I can’t tell you how disappointing it was to see the confusing tactics employed last season on the offensive line at UGA. Greg Pyke losing his starting job near the end of the season was perhaps the best example that former OL coach Rob Sale was way, way over his head. It should have never gotten to that point with Pyke.
That’s why you don’t give inexperienced coaches the ability to hire their buddies. Sale, who's only coaching experience was as an offensive line coach was at McNeese State, is set to do the same thing at Louisiana-Monroe after being paid nearly a half a million dollars for his 12 months in Athens.
Multiple offensive linemen from the Dawgs’ 2015 team told me they thought Sale was in over his head. As it turns out he was for sure.
That’s why insiders are so excited about Sam Pittman. Arkansas called him “universally considered one of the nation’s best offensive line coaches and recruiters.” He’s coached high-level college football for the most part of the last two decades.

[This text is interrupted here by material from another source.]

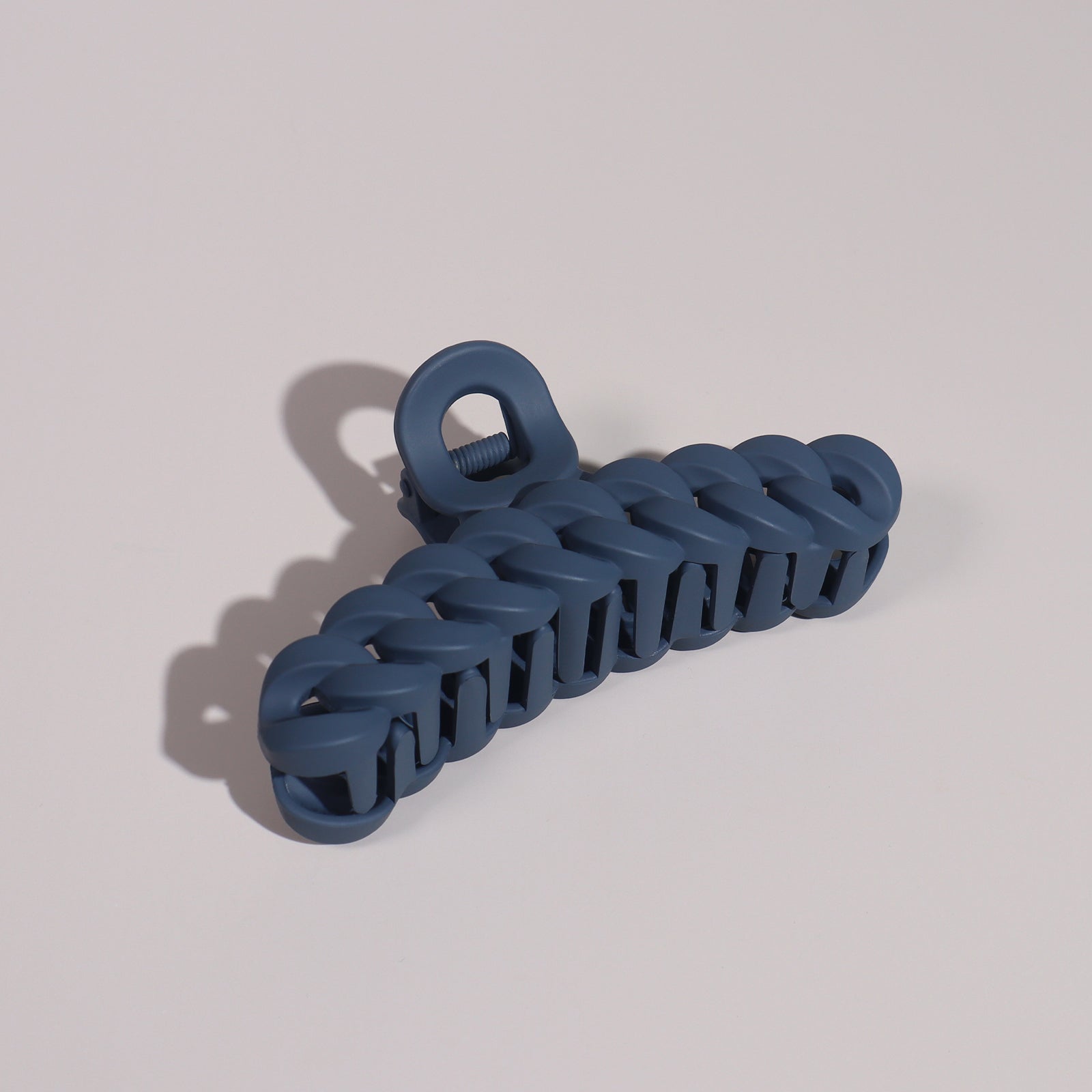 Plug By Must52 Braided Claw Clip — Navy braided claw clip photographed on a soft lilac surface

Offensive linemen are unique in football because they can be much more developed over time than other positions on the field. Running backs and receivers? Often what you see is what you get.
That’s really not the case with offensive linemen. They have to be built. They have to be developed. They have to be taught. They don’t have to perform a lot of skill, so usually they don’t get nervous. They have to confront the person in front of them and deal with them on an every-down basis. Defensive backs can go entire series without hitting the ground.
Offensive linemen live an alternant universe where their hands get dirty nearly every snap. They are the “building blocks” Smart is taking about.
David Andrews is the best example of what an offensive lineman can grow into if he's being properly developed. If you want a reminder of what he plays like you are welcome to watch the former three-star prospect play for the Patriots in the AFC Championship Game this coming weekend.
UGA needs more David Andrews and fewer Rob Sales.